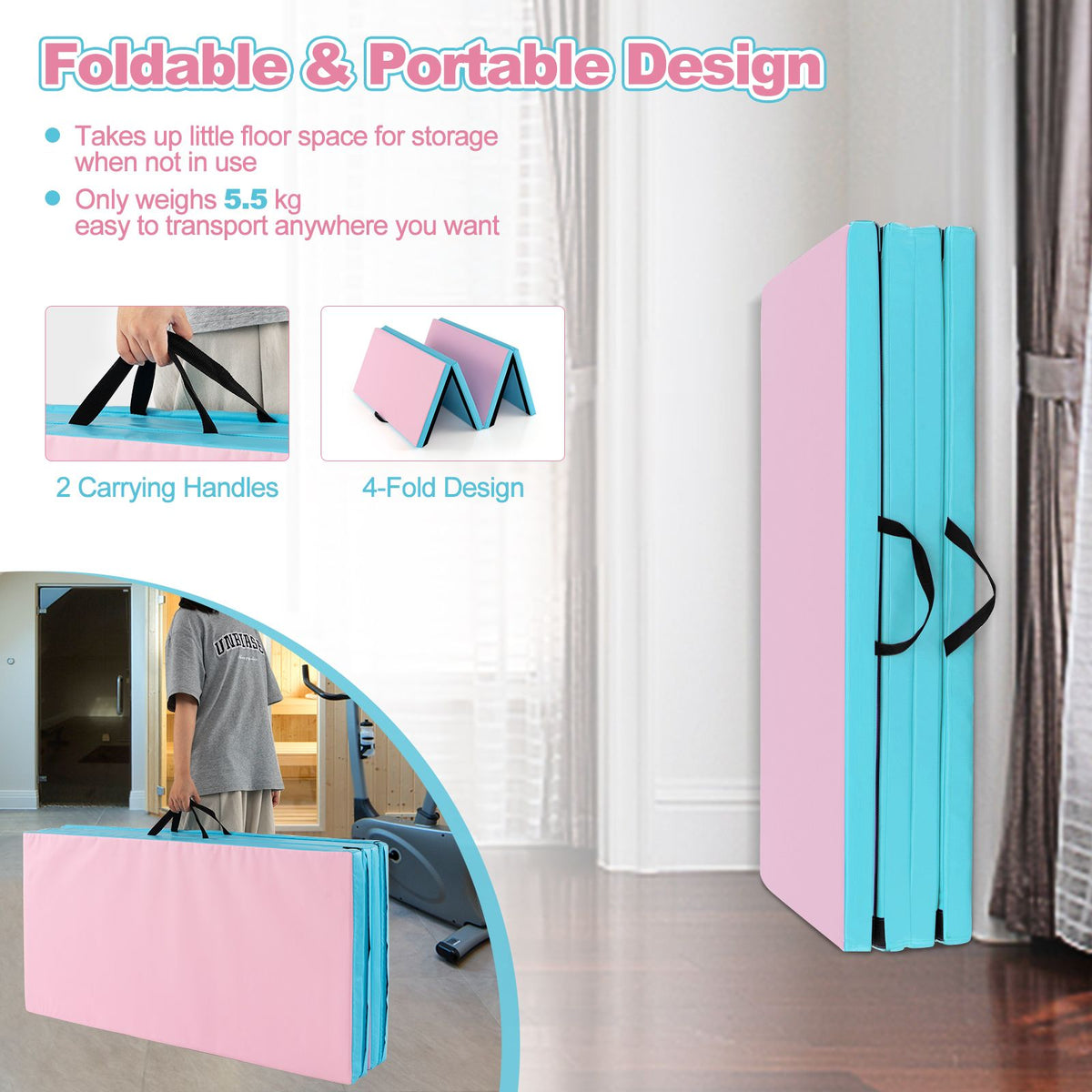 Folding Gymnastics Mat with Carry Handles Hook and Loop Fasteners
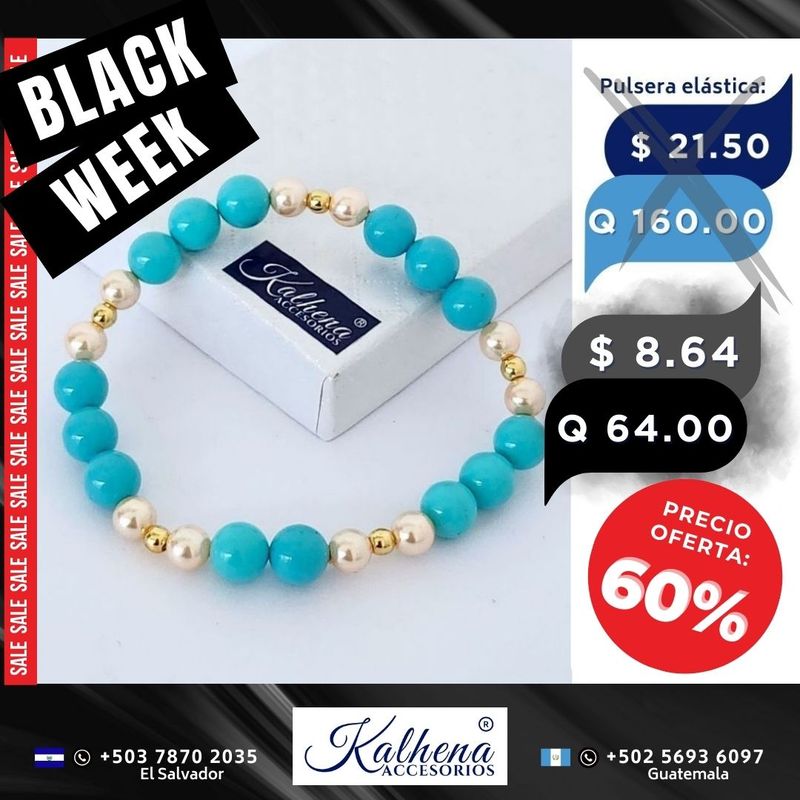 Pulsera perlas tipo Mallorca turquesa e ivory entre balines gold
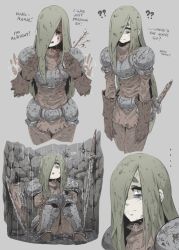 Rule 34 | 1girl, armor, arrow (projectile), bags under eyes, blood, copyright request, damaged, english text, gloves, green hair, grey eyes, hair over one eye, hushabye, long hair, multiple views, rain, scar, shield, sitting, sword, thick eyebrows, weapon, wet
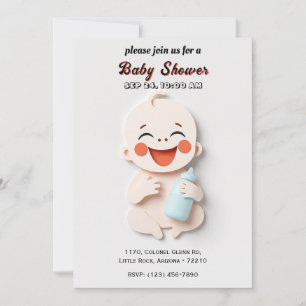 Bébé adorable avec Milk Bottle Carte de douche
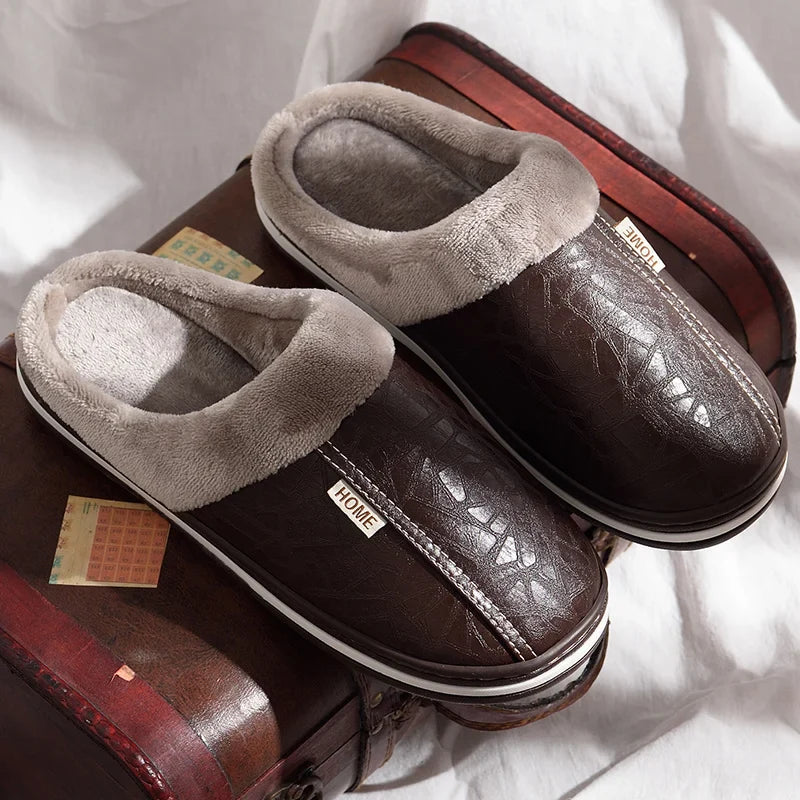 Elegant Leather-Look Comfort Slides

◇ ◇ ◇ ◇

Exercise: Copy verbatim the span that opens at the line with "Pulsera perlas tipo" and closes at the final line of the listing. Do not carry over any pictures.

Reply to the task:
 Pulsera perlas tipo Mallorca turquesa e ivory entre balines gold
 Rule 34 | 1girl, armor, arrow (projectile), bags under eyes, blood, copyright request, damaged, english text, gloves, green hair, grey eyes, hair over one eye, hushabye, long hair, multiple views, rain, scar, shield, sitting, sword, thick eyebrows, weapon, wet
 Bébé adorable avec Milk Bottle Carte de douche
 Elegant Leather-Look Comfort Slides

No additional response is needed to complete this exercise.